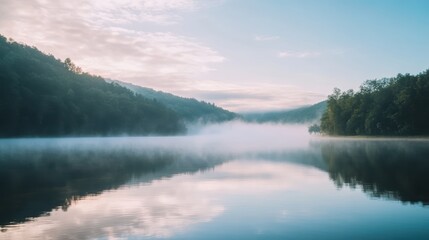 Fototapeta premium Serene Morning: Foggy Sky and Clouds Over Tranquil Lake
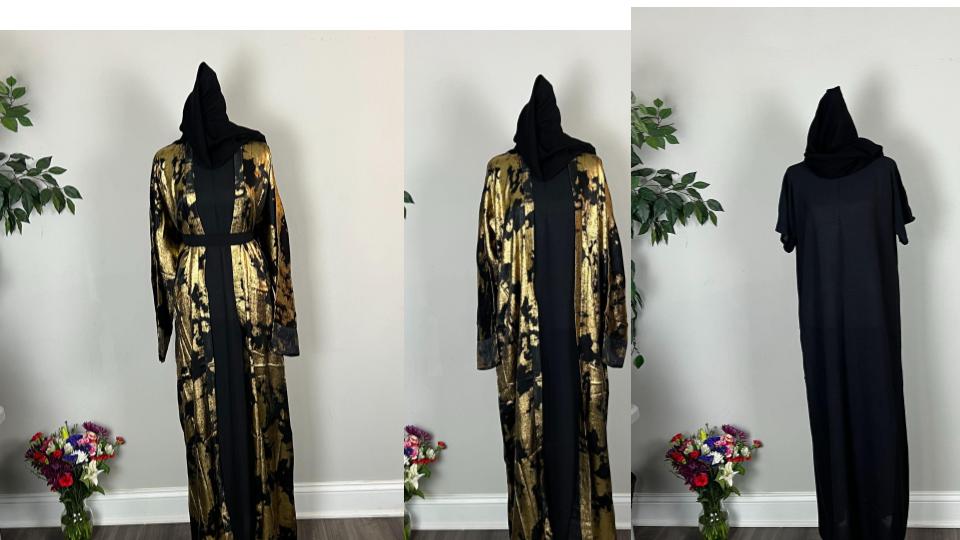 Red & Black Metallic Satin Open Abaya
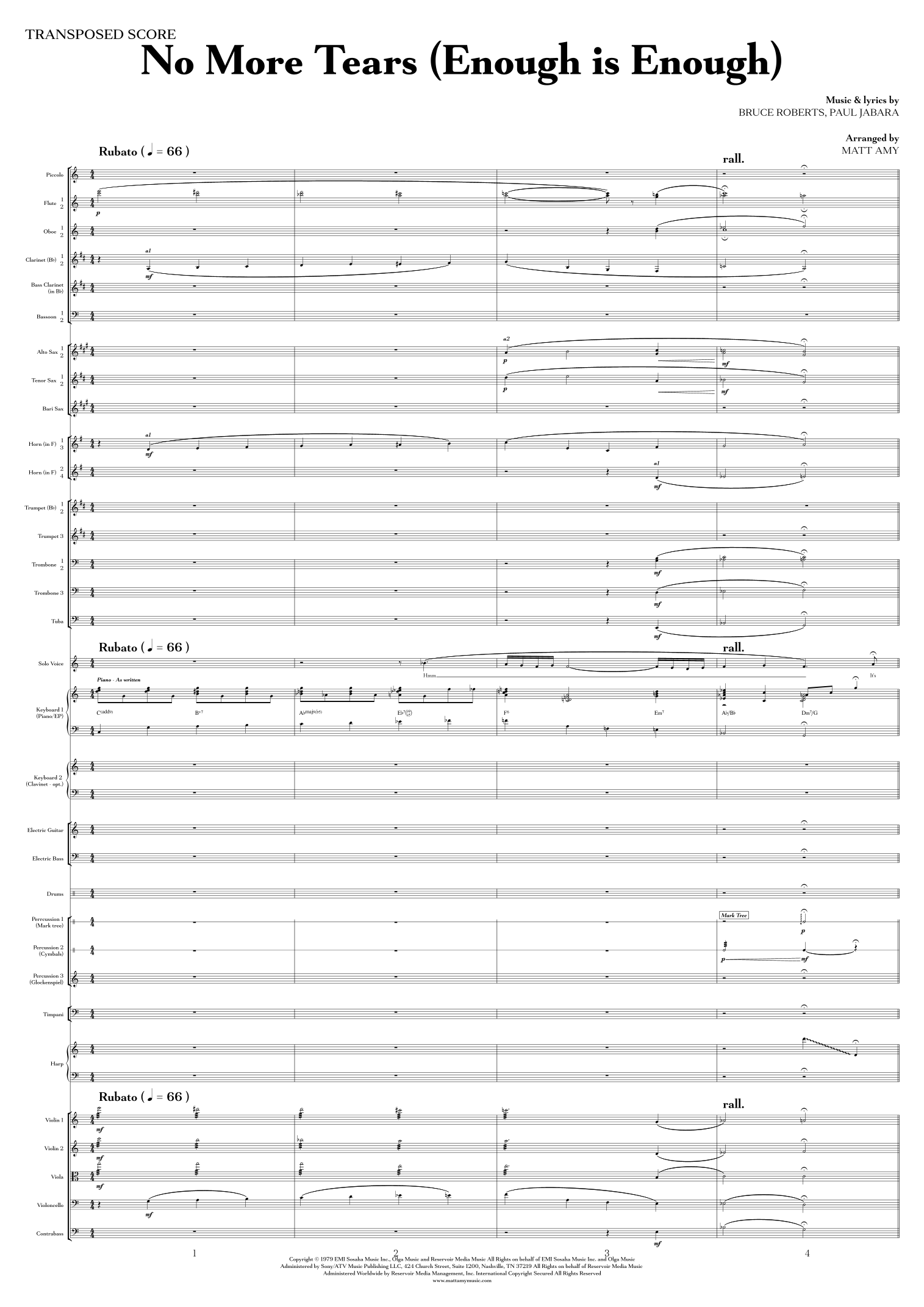 No More Tears (enough Is Enough) (arr. Matt Amy) by Barbra Streisand and Donna Summer Full Orchestra
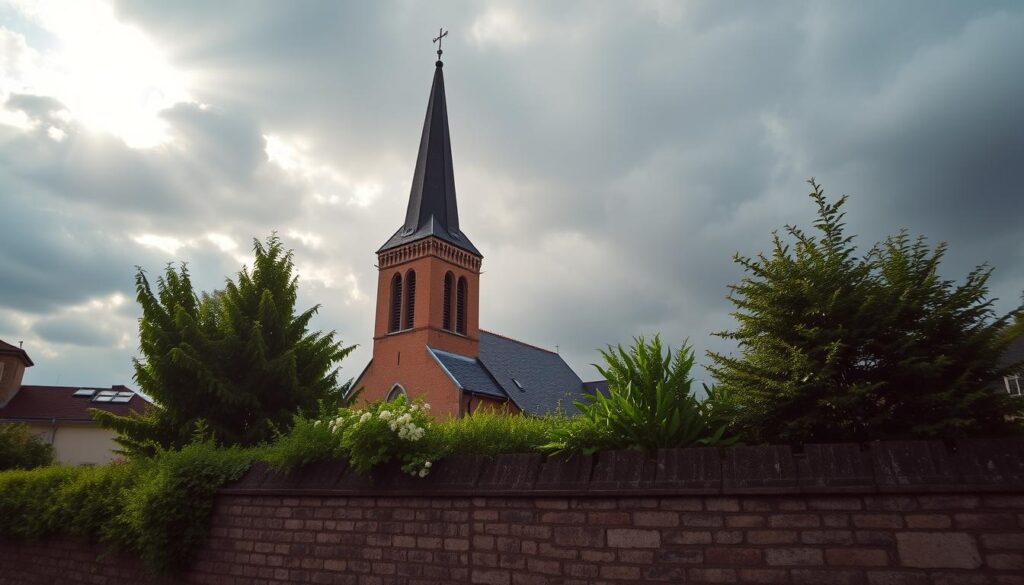 A sunlit church steeple rises majestically against a cloudy sky, its spire pointing heavenward. In the foreground, a weathered stone wall surrounds the church grounds, evoking a sense of history and tradition. Lush greenery frames the scene, hinting at the vibrant community that gathers within. The architecture blends classic European design with a sense of reverence and purpose, inviting contemplation of the church's enduring mission and vision. Soft, warm lighting bathes the entire composition, creating an atmosphere of tranquility and spiritual reflection.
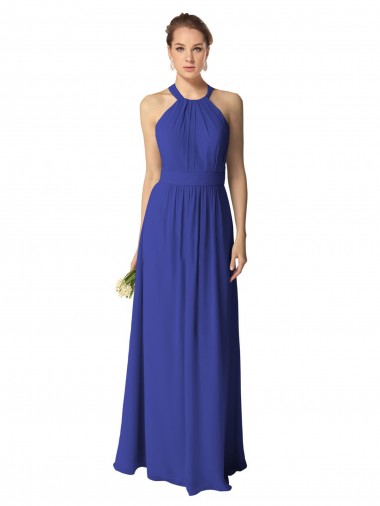 Soft Chiffon A-Line Long Sleeveless Royal Blue Evening Dress / Bridesmaid Dress Glasgow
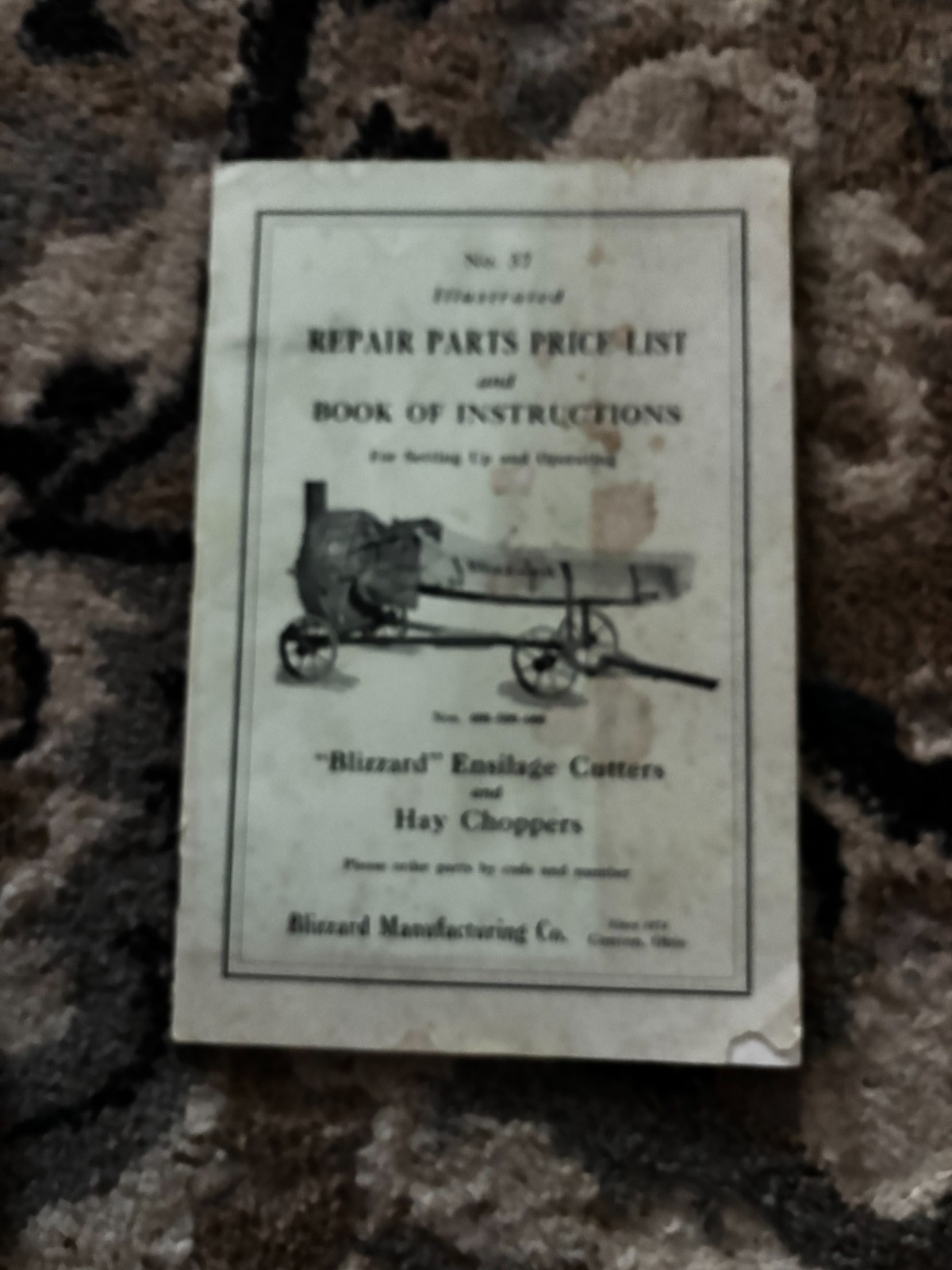 Blizzard Ensilage Cutters Operator’s Manual Parts List Brochure DCPA26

→ **EXERCISE DETAILS**
Output everything in the records above word for word, but not the pictures.

→ **PROBLEM SOLUTION**
 Fototapeta premium Serene Morning: Foggy Sky and Clouds Over Tranquil Lake
 Red & Black Metallic Satin Open Abaya
 No More Tears (enough Is Enough) (arr. Matt Amy) by Barbra Streisand and Donna Summer Full Orchestra
 A sunlit church steeple rises majestically against a cloudy sky, its spire pointing heavenward. In the foreground, a weathered stone wall surrounds the church grounds, evoking a sense of history and tradition. Lush greenery frames the scene, hinting at the vibrant community that gathers within. The architecture blends classic European design with a sense of reverence and purpose, inviting contemplation of the church's enduring mission and vision. Soft, warm lighting bathes the entire composition, creating an atmosphere of tranquility and spiritual reflection.
 Soft Chiffon A-Line Long Sleeveless Royal Blue Evening Dress / Bridesmaid Dress Glasgow
 Blizzard Ensilage Cutters Operator’s Manual Parts List Brochure DCPA26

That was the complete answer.